:: DATASET RECORDS ::
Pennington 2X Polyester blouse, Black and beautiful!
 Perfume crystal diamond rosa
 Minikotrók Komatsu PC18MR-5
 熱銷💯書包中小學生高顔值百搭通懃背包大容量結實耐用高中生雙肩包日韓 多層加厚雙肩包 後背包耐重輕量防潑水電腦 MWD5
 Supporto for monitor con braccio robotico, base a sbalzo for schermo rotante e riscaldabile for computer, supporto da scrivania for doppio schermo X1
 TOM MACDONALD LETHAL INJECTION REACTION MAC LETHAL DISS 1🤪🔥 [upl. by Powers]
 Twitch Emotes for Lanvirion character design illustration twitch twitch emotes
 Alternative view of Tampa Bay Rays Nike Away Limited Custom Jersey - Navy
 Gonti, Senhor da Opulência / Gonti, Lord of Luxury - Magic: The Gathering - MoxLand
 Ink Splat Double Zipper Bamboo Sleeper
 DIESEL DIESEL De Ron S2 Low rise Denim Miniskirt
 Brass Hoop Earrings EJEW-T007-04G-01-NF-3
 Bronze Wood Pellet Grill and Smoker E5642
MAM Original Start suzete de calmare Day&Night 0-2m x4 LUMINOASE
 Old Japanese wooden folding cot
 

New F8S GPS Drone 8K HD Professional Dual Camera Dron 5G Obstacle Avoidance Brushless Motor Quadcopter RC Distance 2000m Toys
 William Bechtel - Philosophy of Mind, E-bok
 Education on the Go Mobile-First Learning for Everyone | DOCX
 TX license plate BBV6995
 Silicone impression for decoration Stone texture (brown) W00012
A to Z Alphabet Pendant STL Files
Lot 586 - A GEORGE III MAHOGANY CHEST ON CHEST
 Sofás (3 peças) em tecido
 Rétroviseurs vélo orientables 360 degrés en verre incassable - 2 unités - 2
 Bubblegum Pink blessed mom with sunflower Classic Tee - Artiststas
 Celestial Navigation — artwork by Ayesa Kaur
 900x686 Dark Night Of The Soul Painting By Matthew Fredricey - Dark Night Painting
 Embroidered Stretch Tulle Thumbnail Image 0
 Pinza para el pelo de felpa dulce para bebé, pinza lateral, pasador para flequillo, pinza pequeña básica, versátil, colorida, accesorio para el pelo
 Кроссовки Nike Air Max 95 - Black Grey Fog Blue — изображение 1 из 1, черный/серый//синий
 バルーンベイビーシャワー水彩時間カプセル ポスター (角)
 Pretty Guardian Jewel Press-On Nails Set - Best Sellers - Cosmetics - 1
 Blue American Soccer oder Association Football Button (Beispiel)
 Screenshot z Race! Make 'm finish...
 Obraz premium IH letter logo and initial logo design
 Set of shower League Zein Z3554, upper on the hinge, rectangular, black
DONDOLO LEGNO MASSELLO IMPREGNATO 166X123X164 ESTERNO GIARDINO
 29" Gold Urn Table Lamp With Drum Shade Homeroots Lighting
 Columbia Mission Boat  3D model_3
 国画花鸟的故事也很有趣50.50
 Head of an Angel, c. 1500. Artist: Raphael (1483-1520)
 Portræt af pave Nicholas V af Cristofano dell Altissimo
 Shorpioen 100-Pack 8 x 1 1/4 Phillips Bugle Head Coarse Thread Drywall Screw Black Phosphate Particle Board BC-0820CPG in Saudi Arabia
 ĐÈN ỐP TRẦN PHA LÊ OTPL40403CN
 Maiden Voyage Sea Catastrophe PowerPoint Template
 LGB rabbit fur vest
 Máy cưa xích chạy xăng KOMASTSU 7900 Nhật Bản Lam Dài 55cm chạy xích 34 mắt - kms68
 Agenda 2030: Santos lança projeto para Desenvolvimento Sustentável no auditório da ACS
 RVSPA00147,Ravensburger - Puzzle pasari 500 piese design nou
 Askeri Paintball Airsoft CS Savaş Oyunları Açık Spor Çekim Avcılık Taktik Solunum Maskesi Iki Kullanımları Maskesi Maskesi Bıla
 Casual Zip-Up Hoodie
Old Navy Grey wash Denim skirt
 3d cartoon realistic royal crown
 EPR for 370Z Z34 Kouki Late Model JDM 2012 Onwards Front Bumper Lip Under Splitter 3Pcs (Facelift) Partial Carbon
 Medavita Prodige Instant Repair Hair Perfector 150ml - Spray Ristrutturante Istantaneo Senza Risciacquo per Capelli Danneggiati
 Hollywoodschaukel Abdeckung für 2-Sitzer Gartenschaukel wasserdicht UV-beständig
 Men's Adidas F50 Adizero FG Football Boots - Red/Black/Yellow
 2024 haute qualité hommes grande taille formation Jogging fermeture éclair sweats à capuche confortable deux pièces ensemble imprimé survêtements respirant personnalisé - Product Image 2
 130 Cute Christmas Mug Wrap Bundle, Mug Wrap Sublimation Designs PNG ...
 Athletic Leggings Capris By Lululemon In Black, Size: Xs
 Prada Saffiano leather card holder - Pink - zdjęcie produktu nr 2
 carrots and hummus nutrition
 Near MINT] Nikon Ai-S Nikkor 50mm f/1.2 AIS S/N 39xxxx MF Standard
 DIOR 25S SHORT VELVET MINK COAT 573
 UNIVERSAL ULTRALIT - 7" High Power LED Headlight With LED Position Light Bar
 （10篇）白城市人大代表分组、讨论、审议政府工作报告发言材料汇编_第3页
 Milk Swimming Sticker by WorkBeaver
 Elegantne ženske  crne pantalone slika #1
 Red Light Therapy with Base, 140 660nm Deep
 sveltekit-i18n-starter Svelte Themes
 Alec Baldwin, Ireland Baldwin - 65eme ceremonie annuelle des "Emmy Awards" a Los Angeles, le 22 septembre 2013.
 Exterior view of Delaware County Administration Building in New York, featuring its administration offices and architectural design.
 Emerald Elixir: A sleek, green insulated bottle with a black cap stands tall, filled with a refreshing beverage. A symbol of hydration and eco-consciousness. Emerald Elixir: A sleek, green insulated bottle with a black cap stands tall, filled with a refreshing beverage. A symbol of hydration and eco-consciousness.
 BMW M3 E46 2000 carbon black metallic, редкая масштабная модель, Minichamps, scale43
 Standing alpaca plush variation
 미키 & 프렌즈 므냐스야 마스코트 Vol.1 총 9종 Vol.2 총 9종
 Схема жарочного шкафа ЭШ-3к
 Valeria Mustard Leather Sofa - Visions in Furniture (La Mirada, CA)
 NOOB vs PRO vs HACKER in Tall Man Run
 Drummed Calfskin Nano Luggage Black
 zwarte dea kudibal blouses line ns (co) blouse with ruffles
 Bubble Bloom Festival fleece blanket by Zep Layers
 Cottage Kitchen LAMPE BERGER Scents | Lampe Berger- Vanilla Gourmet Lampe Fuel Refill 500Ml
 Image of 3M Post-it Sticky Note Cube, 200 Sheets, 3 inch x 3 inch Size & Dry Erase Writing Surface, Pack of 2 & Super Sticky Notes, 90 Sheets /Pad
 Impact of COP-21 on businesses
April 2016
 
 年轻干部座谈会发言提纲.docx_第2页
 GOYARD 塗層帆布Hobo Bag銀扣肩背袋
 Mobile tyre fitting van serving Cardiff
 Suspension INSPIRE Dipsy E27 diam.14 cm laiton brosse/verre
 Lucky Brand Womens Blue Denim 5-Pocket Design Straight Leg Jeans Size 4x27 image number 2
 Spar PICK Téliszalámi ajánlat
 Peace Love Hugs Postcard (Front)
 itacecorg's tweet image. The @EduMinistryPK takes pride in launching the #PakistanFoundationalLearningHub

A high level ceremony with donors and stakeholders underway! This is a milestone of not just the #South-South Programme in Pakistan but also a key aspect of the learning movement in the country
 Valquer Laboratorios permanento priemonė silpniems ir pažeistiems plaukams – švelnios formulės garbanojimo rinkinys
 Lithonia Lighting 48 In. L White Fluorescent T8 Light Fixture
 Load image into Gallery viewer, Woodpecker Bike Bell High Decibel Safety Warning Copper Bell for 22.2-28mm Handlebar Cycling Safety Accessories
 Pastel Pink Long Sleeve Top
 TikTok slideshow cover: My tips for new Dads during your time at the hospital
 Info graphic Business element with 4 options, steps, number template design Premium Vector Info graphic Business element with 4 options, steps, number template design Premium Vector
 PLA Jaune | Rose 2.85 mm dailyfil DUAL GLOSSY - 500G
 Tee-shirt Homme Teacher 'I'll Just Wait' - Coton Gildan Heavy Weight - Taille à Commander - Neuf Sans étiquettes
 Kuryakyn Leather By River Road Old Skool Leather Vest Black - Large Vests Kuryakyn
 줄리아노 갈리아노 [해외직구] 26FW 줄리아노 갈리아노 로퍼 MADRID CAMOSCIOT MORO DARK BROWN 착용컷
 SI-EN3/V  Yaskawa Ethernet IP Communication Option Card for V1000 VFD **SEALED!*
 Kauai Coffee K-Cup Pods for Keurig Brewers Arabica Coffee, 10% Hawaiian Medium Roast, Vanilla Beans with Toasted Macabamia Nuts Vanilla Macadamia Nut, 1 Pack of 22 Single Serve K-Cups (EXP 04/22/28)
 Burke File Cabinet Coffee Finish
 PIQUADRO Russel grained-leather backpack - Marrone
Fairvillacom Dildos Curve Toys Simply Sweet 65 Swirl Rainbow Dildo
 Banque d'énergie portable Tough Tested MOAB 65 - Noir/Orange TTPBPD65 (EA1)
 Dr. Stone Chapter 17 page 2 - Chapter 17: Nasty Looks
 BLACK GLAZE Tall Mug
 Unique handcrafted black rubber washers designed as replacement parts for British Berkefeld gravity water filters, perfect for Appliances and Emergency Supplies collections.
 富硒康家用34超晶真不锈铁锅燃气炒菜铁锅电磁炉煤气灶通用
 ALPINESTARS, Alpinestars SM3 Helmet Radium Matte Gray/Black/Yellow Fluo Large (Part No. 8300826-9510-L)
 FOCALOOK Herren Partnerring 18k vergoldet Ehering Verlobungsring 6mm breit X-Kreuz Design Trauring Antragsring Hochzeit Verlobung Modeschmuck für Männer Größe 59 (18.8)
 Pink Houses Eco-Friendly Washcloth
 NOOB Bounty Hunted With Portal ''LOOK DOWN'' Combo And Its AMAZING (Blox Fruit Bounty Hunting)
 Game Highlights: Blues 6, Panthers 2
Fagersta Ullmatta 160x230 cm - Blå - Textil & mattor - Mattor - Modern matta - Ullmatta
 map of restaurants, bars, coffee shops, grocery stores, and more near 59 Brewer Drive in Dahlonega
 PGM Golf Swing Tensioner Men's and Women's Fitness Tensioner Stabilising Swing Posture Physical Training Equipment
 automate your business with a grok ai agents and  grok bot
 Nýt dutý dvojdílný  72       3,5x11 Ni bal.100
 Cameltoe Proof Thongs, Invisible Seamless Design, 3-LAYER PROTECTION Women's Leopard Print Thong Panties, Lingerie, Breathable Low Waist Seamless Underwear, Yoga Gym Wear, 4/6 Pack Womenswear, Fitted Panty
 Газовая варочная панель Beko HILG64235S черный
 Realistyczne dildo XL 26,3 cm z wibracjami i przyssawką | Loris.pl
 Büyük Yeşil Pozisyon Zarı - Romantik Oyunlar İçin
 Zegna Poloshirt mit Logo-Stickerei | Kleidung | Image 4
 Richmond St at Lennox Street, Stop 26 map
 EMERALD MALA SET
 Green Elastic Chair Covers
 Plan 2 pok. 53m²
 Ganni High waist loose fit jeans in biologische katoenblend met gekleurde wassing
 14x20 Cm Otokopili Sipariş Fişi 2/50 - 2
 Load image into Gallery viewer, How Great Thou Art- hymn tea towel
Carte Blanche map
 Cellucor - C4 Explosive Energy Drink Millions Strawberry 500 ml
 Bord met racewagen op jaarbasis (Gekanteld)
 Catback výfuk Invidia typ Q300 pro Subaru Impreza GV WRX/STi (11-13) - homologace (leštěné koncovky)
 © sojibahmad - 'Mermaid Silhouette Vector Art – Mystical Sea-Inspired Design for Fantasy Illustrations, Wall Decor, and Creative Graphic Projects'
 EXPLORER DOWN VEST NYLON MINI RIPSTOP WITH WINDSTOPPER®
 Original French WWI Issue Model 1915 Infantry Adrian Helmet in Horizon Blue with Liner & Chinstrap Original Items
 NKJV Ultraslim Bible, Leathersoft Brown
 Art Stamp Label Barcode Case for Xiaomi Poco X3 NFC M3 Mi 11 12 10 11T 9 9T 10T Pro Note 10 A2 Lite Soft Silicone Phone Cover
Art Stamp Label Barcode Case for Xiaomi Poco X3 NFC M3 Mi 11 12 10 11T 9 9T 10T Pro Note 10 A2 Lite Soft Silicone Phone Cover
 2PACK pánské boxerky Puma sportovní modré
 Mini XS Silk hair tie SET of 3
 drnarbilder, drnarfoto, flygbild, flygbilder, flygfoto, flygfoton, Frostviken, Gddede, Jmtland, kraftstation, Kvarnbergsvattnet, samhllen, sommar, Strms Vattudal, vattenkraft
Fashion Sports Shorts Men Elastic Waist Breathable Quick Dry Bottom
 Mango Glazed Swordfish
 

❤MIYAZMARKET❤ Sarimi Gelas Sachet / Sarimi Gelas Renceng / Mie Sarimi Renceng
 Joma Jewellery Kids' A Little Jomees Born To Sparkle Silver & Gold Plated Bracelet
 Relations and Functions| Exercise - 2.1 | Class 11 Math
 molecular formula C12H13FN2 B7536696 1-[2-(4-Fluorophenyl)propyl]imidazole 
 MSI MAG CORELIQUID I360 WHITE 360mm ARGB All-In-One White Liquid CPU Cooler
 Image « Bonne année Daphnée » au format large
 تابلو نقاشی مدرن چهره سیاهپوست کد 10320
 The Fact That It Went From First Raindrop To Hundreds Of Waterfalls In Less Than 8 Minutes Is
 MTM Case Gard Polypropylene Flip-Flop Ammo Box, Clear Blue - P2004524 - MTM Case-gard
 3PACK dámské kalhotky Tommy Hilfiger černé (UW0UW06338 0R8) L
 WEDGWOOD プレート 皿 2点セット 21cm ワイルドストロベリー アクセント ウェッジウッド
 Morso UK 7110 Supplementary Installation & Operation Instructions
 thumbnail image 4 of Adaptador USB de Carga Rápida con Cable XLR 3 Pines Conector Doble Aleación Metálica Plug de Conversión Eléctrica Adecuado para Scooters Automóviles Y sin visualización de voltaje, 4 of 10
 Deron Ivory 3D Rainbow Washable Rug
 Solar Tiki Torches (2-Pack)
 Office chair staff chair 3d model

:: ACTIVITY ::
Only the lines above from the line with "and eco-consciousness. Emerald" to the line with "Suspension INSPIRE Dipsy", those two lines included, should be reproduced exactly.

:: EXERCISE RESPONSE ::
 Emerald Elixir: A sleek, green insulated bottle with a black cap stands tall, filled with a refreshing beverage. A symbol of hydration and eco-consciousness. Emerald Elixir: A sleek, green insulated bottle with a black cap stands tall, filled with a refreshing beverage. A symbol of hydration and eco-consciousness.
 BMW M3 E46 2000 carbon black metallic, редкая масштабная модель, Minichamps, scale43
 Standing alpaca plush variation
 미키 & 프렌즈 므냐스야 마스코트 Vol.1 총 9종 Vol.2 총 9종
 Схема жарочного шкафа ЭШ-3к
 Valeria Mustard Leather Sofa - Visions in Furniture (La Mirada, CA)
 NOOB vs PRO vs HACKER in Tall Man Run
 Drummed Calfskin Nano Luggage Black
 zwarte dea kudibal blouses line ns (co) blouse with ruffles
 Bubble Bloom Festival fleece blanket by Zep Layers
 Cottage Kitchen LAMPE BERGER Scents | Lampe Berger- Vanilla Gourmet Lampe Fuel Refill 500Ml
 Image of 3M Post-it Sticky Note Cube, 200 Sheets, 3 inch x 3 inch Size & Dry Erase Writing Surface, Pack of 2 & Super Sticky Notes, 90 Sheets /Pad
 Impact of COP-21 on businesses
April 2016
 
 年轻干部座谈会发言提纲.docx_第2页
 GOYARD 塗層帆布Hobo Bag銀扣肩背袋
 Mobile tyre fitting van serving Cardiff
 Suspension INSPIRE Dipsy E27 diam.14 cm laiton brosse/verre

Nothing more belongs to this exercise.